(Long, but worth the read, at least I think so)
On Saturday night I was discussing with my husband my lack of desire to go to church. Mark can only go with me every other Sunday and he needs the car on the days he works. I am left with the stroller to walk, which isn't so bad on a nice day. I always feel so stressed out about going to church. So stressed that I haven't been for about 5 weeks. Grant it, there was sick kids and General Conference mixed in there. The whole idea of having to walk to church in cold, wet, or snow just really didn't help. Normally when I go to church I have a hard time finding a seat. I especially have a hard time finding a bench seat and a bench seat that isn't in the very front. Those of you with young children know how horrible and difficult the front row is. Gwenie repeatedly runs off and the boys feel the floor in front of the bench is their playroom. All this going on while I am trying to keep Rosaline from falling off the bench. I never get any offers of help when I am on my own and several times have been shushed and given angry/irritated looks by people. I really do the best I can in my situation. Even when I was 9 months pregnant and had just walked to church with three children in 95+ degree weather, I rarely even received acknowledgement of my existence. I kept going though, no matter what. Well, until 5 weeks ago. Something always goes wrong before church and it does shake my desire to go.

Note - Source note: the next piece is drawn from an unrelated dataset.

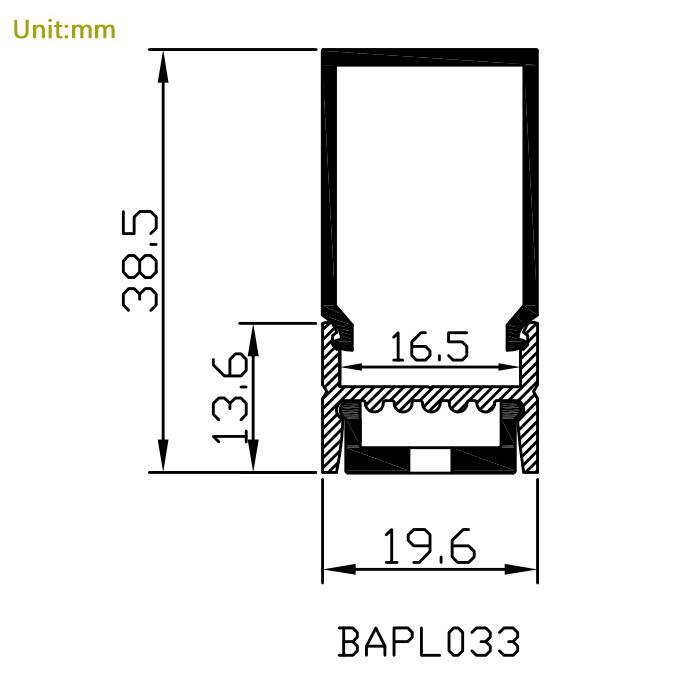 HL-BAPL033 Výška 15 mm Strop zapuštěný profil z extrudovaného hliníku Dobrý chladič Pro šířku 19.6 mm LED pásková světla HL-BAPL033 Výška 15 mm Strop zapuštěný profil z extrudovaného hliníku Dobrý chladič Pro šířku 19.6 mm LED pásková světla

Saturday night and Sunday morning when I prayed I told the Lord that if he could just help me by making things easier, making things go smoothly and on time, then I would really put forth a great effort. Things were going really well. I got up early and showered, had the kids clothes ready. I was able to bathe and dress them all quickly and easily. They were all very helpful and obedient. I was feeling really good. Mark had even remembered to leave me the stroller.
I got all the kids together, diaper bag ready and we were going to load up. It had been raining earlier and that had slowed to just a mist. I get out there and realize the stroller is soaked to the bone.
I called Mark to make him feel guilty and resigned myself to walking to church carrying Rosaline and the diaper bag in the rain. We were walking and got to the end of the parking lot when my neighbors(Ashley and Daniel) and their three kids in their mini van reversed and offered us a ride. I really just had to accept the help. I was wearing heals and Rozzy is a chubby little thing. I was embarrassed but truly grateful. First sign from the Lord.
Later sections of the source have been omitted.